Hannah Couchman, Senior Legal Officer at Rights of Women, said:
“The vigil for Sarah Everard is the most recent example of the state’s role in violence against women and girls – it is unconscionable for the Government to suggest that the solution to the harassment and violence women face on a daily basis is to introduce more police. Black and minoritised women already experience intrusive over-policing, and it is all too well known that plain clothes can afford the police cover to abuse their powers. For many women, the police do not represent safety or reassurance – instead, oppression and brutality.

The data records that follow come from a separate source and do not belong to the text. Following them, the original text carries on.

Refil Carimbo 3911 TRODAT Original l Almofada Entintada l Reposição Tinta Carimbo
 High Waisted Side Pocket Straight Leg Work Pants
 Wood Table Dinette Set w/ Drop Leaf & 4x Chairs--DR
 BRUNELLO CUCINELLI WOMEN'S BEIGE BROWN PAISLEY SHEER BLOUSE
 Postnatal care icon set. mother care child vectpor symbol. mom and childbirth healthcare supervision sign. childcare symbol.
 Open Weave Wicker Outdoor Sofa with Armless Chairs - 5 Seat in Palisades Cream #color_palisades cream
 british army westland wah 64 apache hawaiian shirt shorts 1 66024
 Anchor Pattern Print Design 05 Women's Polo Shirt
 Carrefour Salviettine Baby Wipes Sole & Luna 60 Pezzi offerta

At Rights of Women, we regularly hear from women who have been let down and re-traumatised by their contact with the police and the wider criminal justice system. Rather than extending the power and presence of the police – as we are seeing here and under the Police, Crime, Sentencing and Courts Bill – the Government needs to devote resources to empowering survivors to access justice and safety, and to addressing the structural inequalities that lie at the heart of endemic violence against women and girls.
For decades, frontline organisations supporting women who have experienced violence have been subject to deeply damaging underfunding – particularly those services run by and for Black and minoritised communities. The call from the women’s sector is not for the gimmicks we have seen proposed by the taskforce, and it certainly isn’t for more police – the solutions are far more complex and they start with listening to the needs of survivors”.